Creating Social Opportunities for Your Student

Julia Kaziewicz CollierGeneral EducationLeave a Comment

children socializing

In the very popular 2004 movie Mean Girls (the basis for the current Broadway hit), main character Cady Heron starts attending high school after being homeschooled for many years because her parents want her to get “socialized.” The movie pokes fun at other homeschool myths, but the stigma of socialization outside of a brick and mortar school remains the most enduring of the bunch. (And don’t forget that in the movie, high school turns out to be a vipers’ den — a building full of snakes, ridiculous social rules, and, not to be too on the nose…mean girls.)

Let’s be clear — a student pursuing an education outside of a physical school building is not doomed. School is not the only place a teenager builds relationships. We do understand that the outside voices commenting on your student’s non-traditional education may be loud, so we’re here to reassure you: you are doing a great job, and there are plenty of ways outside of school for you to provide social opportunities for your student. 

Live Online Class Environment

Of course, we’ll start with what we, the Well-Trained Mind Academy, are best at — fostering relationships with teachers and fellow students in live online classes. Students get to know their instructors and peers in a real-time setting. Students chat, talk on the mic, and sometimes share video. Over the course of a semester or two, friendships thrive and trust is built. Students learn how to interact respectfully in a classroom, and they experience the joy of group success (or sometimes misery — just check in before a big test or paper is due!). The sense of community that comes from live online classes is real, and very satisfying. 

Social Opportunities for Homeschoolers Offered by Public School & Other Groups

It is possible that your local public school offers extracurricular activities to students who homeschool or online school. Some states require opening up these activities to homeschool students. Reach out to your local school board to find out what is available to all area students. 

We don’t need to tell you that joining a club sport or signing your student up for gymnastics, martial arts, or dance lessons will not only help your student expend extra energy but also to make friends. Participation in your religious community, working a part-time job, or volunteering also exposes your student to different kinds of interesting people, and helps them to flex their social muscles. 

You can find people with like-minded interests near you by searching Facebook or Instagram. Your local library may also host clubs for book lovers, science enthusiasts, or historical sleuths. A student interested in civic and environmental engagement may enjoy Girl Scouts, Boy Scouts, or the 4-H Club. 

The local theater is a great place for social opportunities. Those into drama can act; musicians can join the pit; crafty kids can join the stage crew; burgeoning entrepreneurs can advertise. FIRST Lego League offers a student interested in STEM an interactive, hands-on competitive experience. FIRST also offers a tech challenge and robotics competition for high school students.

Another cool way to introduce your older student to new and interesting people is through an apprenticeship. Check out the full post from our sister company, The-Well-Trained Mind Press, for tips on how to find apprenticeships near you.

Why Creating Social Opportunities for Homeschoolers is Important

Some students aren’t in a brick and mortar school because of specialization in a sport, or career. While your student may be around other kids their age doing the same thing (for example, training for the X-Games) that doesn’t mean they are exposed to many different kinds of people.

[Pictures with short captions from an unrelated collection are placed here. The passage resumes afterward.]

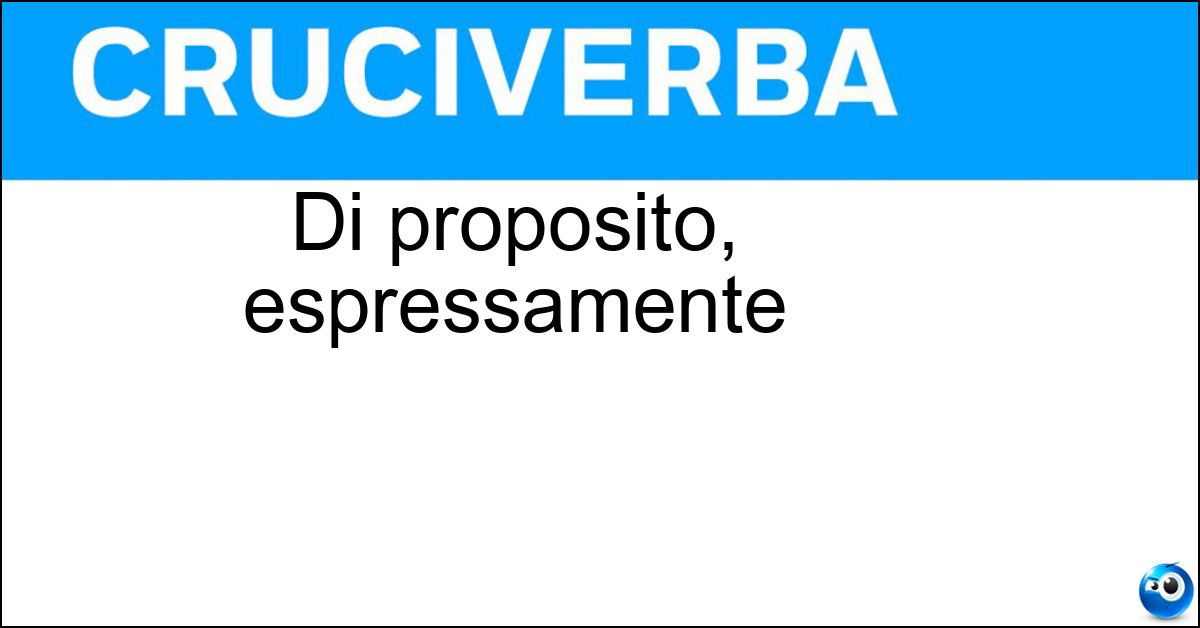Di proposito, espressamente Soluzione Di proposito, espressamente - Apposta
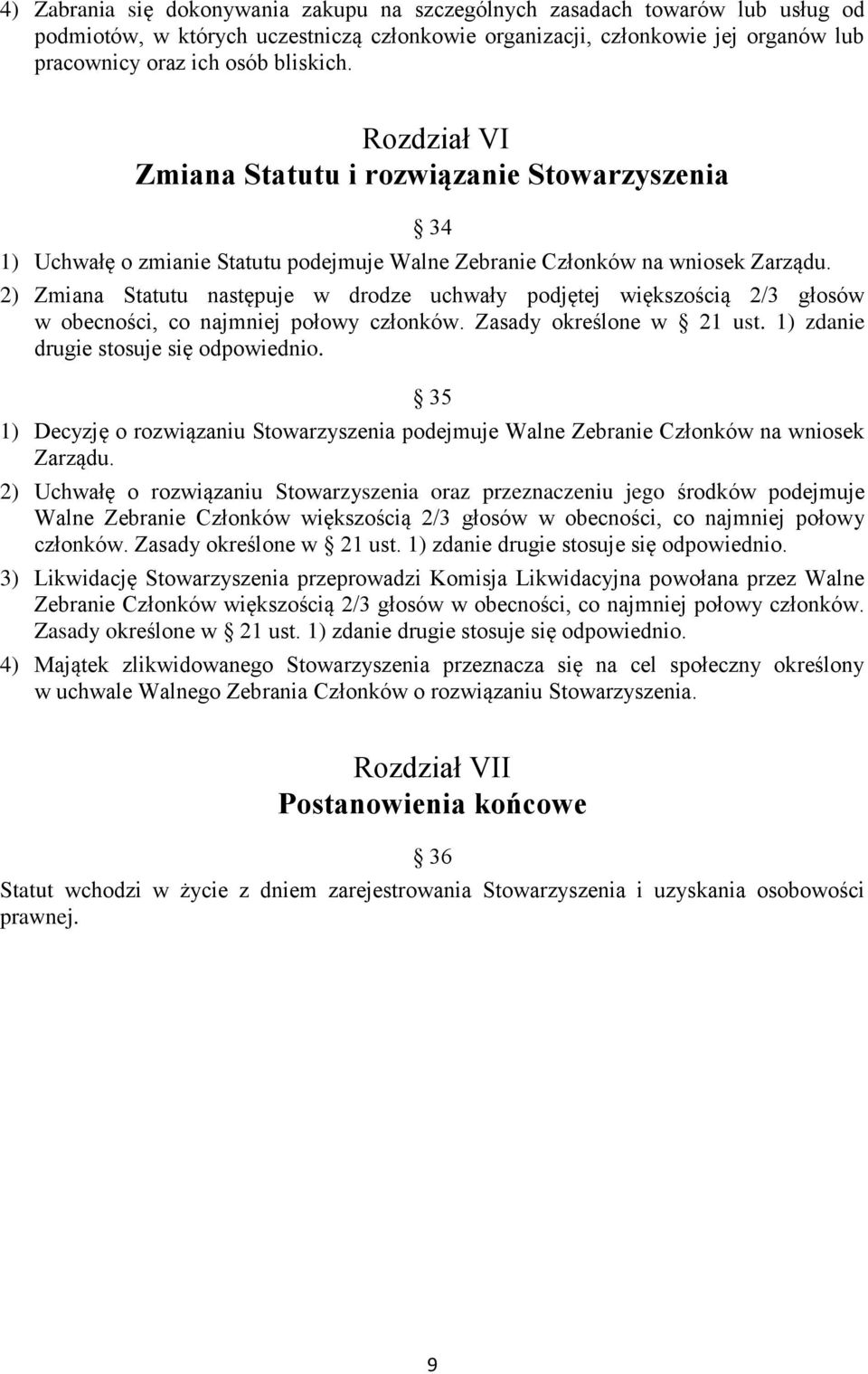 2) Zmiana Statutu następuje w drodze uchwały podjętej większością 2/3 głosów w obecności, co najmniej połowy członków. Zasady określone w 21 ust. 1) zdanie drugie stosuje się odpowiednio.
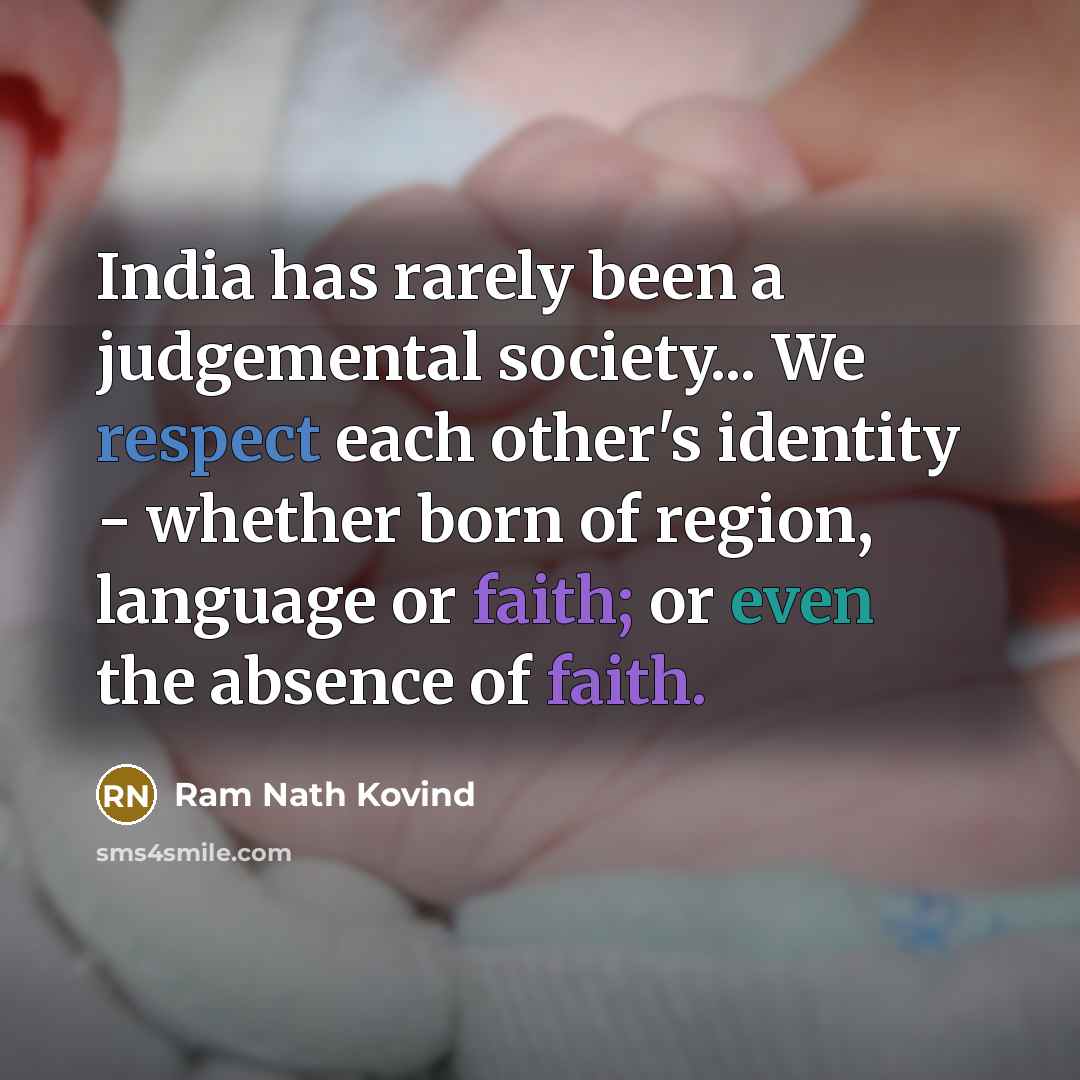 “India has rarely been a judgemental society... We respect each other's identity - whether born of region, language or faith; or even the absence of faith.” quote by Ram Nath Kovind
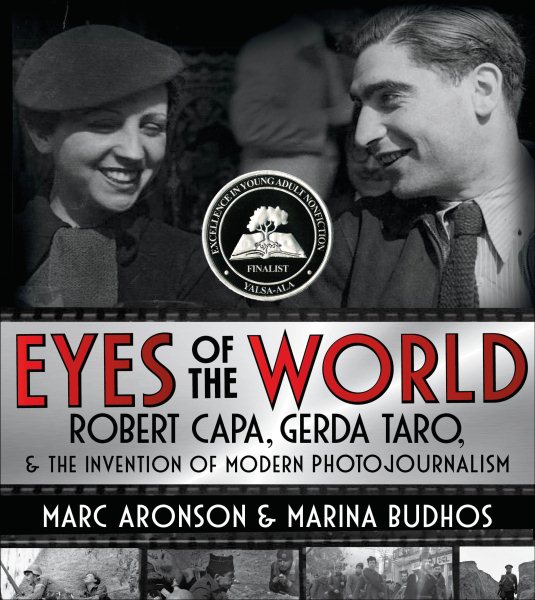 Eyes of the World: Robert Capa, Gerda Taro, and the Invention of Modern Photojournalism cover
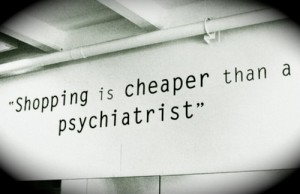 shopping is cheaper than a psychiatrist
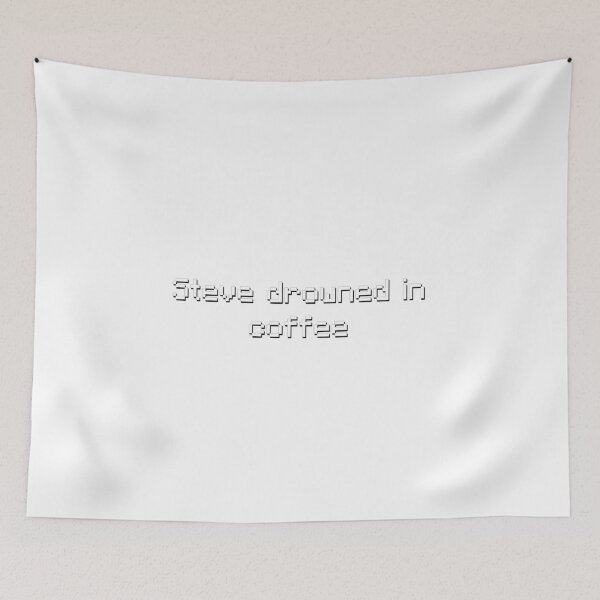 Item preview, Steve Drowned In Coffee - Meme designed and sold by TyxShop.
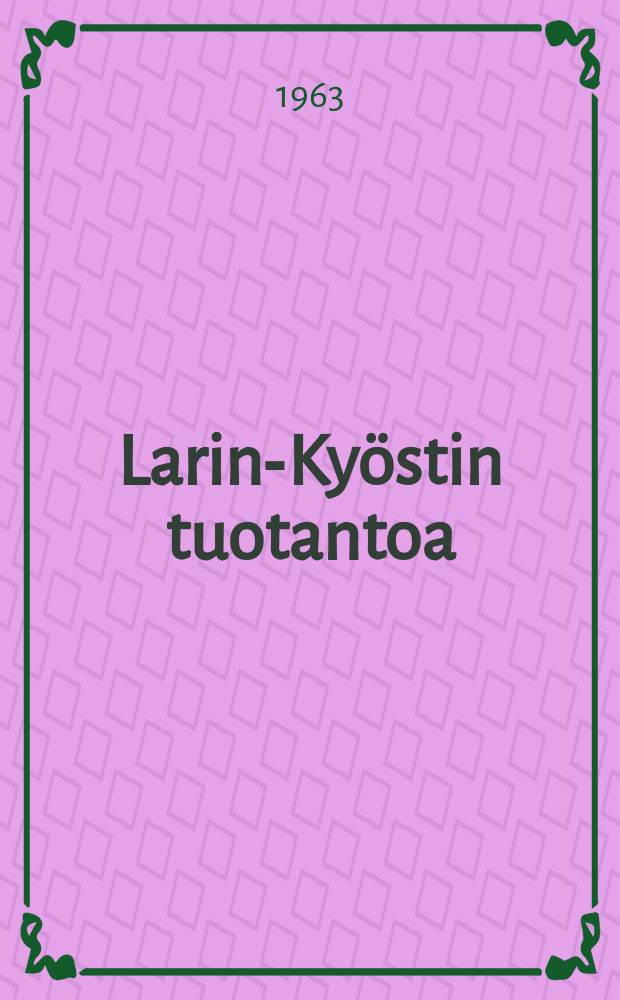 Larin-Kyöstin tuotantoa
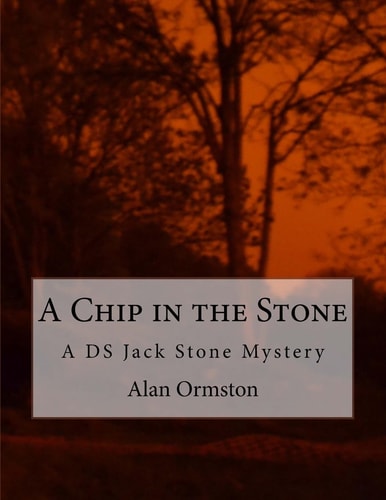 A Chip in the Stone A DS Jack Stone Mystery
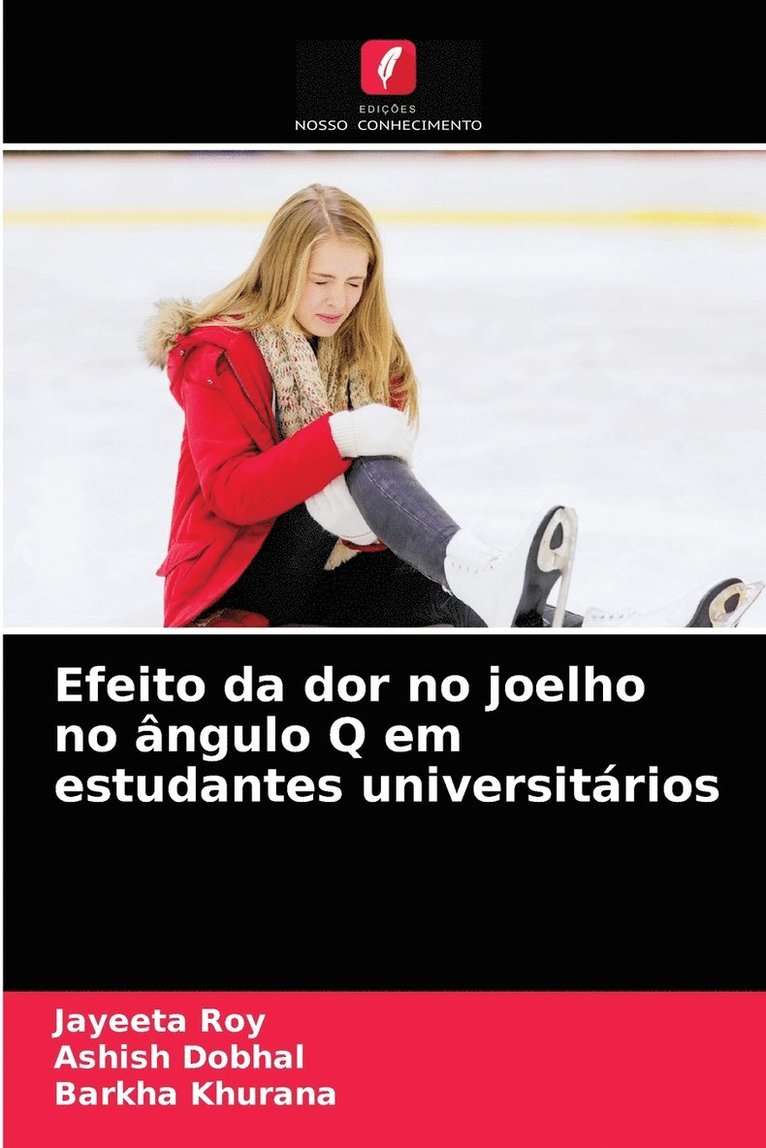 Jayeeta Roy, Ashish Dobhal, Barkha Khurana - Efeito da dor no joelho no ângulo Q em estudantes universitários, Häftad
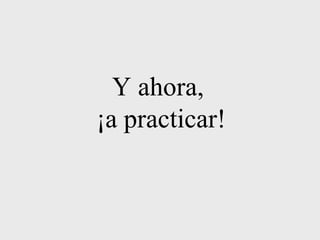Y ahora, 
¡a practicar! 
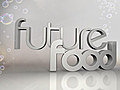 Future Food: Gastronomic Geniuses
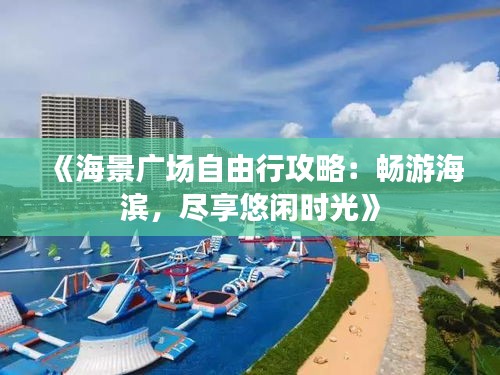 《海景廣場自由行攻略：暢游海濱，盡享悠閑時光》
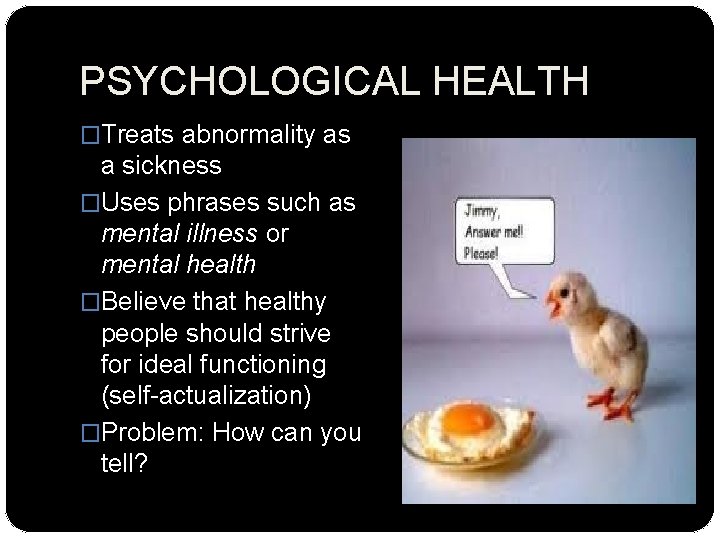PSYCHOLOGICAL HEALTH �Treats abnormality as a sickness �Uses phrases such as mental illness or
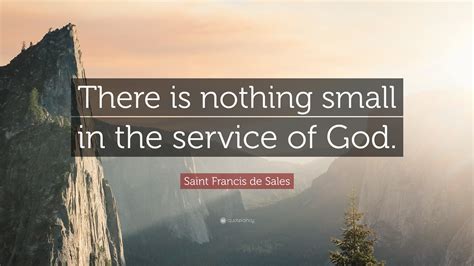 Saint Francis de Sales Quote: “There is nothing small in the service of ...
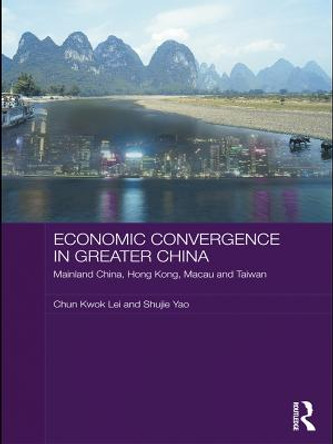 Economic Convergence in Greater China: Mainland China, Hong Kong, Macau and Taiwan by Chun Kwok Lei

Socialization isn’t just about your child having friends; it is about showing them all the different types of human beings out there, and how they engage with the world.

Remember not to force any of these activities. Keep looking until you find a social activity that your student likes. The point of doing any of these activities is to help your student develop overall and to grow as a person. Socialization isn’t a burden, nor is it a stigma; it is an exciting opportunity for your student to figure out who they are in the world by spending time with others.